# [WHAT TO PRODUCE]
Give back the data below word for word. Any image in it should be left out.

# [SUPPLIED INFORMATION]
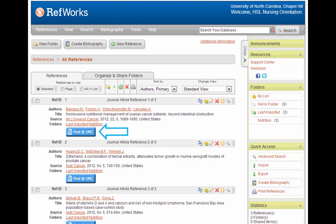You'll also see what folders your references are in, and you'll see the Find at UNC icon. This icon is really great because you can click on it and automatically get the full text of the article if we pay for it here at UNC.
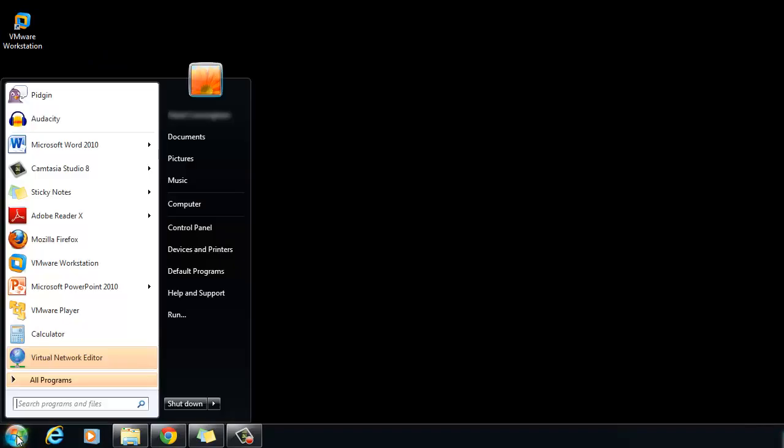After installation, the installer creates a desktop shortcut, a quick launch shortcut, or a combination of these options in addition to a Start menu item.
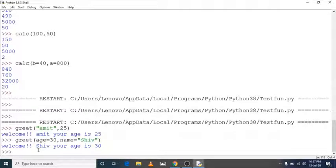If we change the call to greet(age=30, name='Shiva'), again the output is 'Welcome Shiva your age is 30'. So you have seen named/keyword arguments — in keyword arguments, the order does not matter. You can pass values in any order. So this is our default argument example. Now we will learn variable length arguments.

# [RESPONSE AREA]
You'll also see what folders your references are in, and you'll see the Find at UNC icon. This icon is really great because you can click on it and automatically get the full text of the article if we pay for it here at UNC.
After installation, the installer creates a desktop shortcut, a quick launch shortcut, or a combination of these options in addition to a Start menu item.
If we change the call to greet(age=30, name='Shiva'), again the output is 'Welcome Shiva your age is 30'. So you have seen named/keyword arguments — in keyword arguments, the order does not matter. You can pass values in any order. So this is our default argument example. Now we will learn variable length arguments.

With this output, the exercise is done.